Schwarze Schafe in der Bundesliga?

Für Betroffene sei es schwer, aus der "Falle" des Wettbetrugs wieder herauszukommen, meinte Baranowsky. Ähnlich wie Fredi Bobic, Sportdirektor des Bundesligisten VfB Stuttgart, geht auch er davon aus, dass die 1. und 2. Bundesliga nicht oder nur in Ausnahmefällen betroffen sein könnten. "Schwarze Schafe" seien indes nicht auszuschließen.

Frühwarnsysteme gegen Wettbetrug nicht effektiv

Die zur Vorbeugung gegen Wettbetrug im Fußball eingeführten Frühwarnsysteme sind aus Sicht des Bochumer Staatsanwalts Andreas Bachmann wenig effektiv. "Die Frühwarnsysteme haben sich als völlig unzureichend erwiesen", sagte er am Dienstag (05.02.) in Bezug auf die große Anzahl von Fällen. Die Bochumer Staatsanwaltschaft denkt trotz der alarmierenden neuen Zahlen von verdächtigen Spielen nicht über eine personelle Ausweitung des Ermittlungsteams nach. Wie Bachmann erklärte, soll die dafür zuständige und 2009 ins Leben gerufene Kommission "Flankengott" zunächst nicht aufgestockt werden.

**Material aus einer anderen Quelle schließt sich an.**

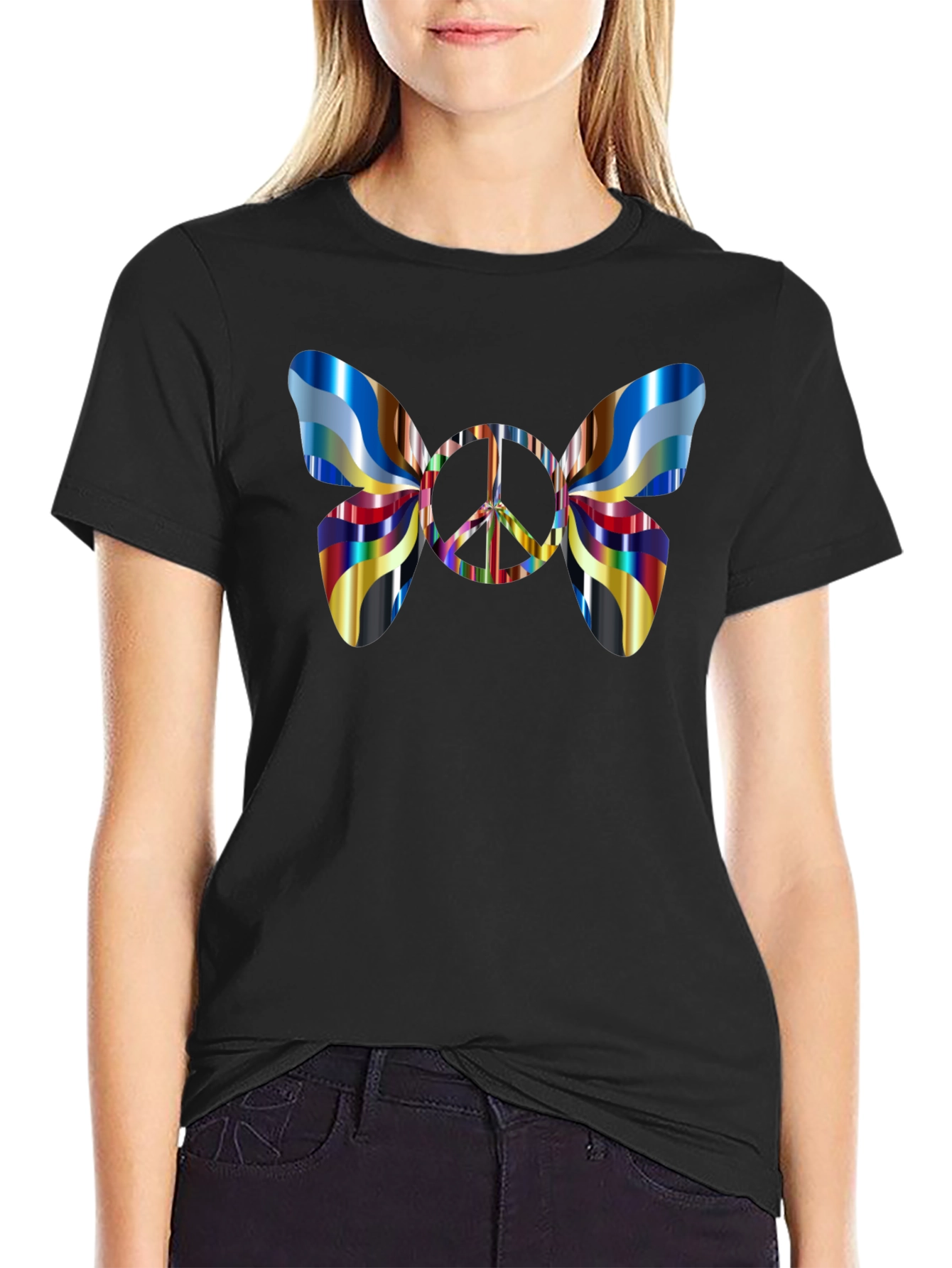 Black Peace Butterfly Graphic Tee - Stylish Men's Black T-Shirt view 2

Staatsanwalt: Wettskandal ist organisierte Kriminalität

Nach Einschätzung des Juristen hat sich die intensive Zusammenarbeit mit der Deutschen Fußball Liga, dem Deutschen Fußball-Bund und dem europäischen Dachverband UEFA bewährt. Bei den am Montag in Den Haag von der europäischen Polizeibehörde Europol genannten 300 neuen Verdachtsfällen könne dieser enge Kontakt aber nicht bei der Aufklärung helfen: "Die neuen Fälle kommen aus dem Bereich der organisierten Kriminalität. Das ist reine Strafverfolgungsarbeit."

Karl-Heinz Rummenigge fordert harte Strafen für die Verantwortlichen im Fußball-Wettskandal. Die Glaubwürdigkeit des Fußballs stehe auf dem Spiel, mahnte der Vorstandsvorsitzende des FC Bayern München.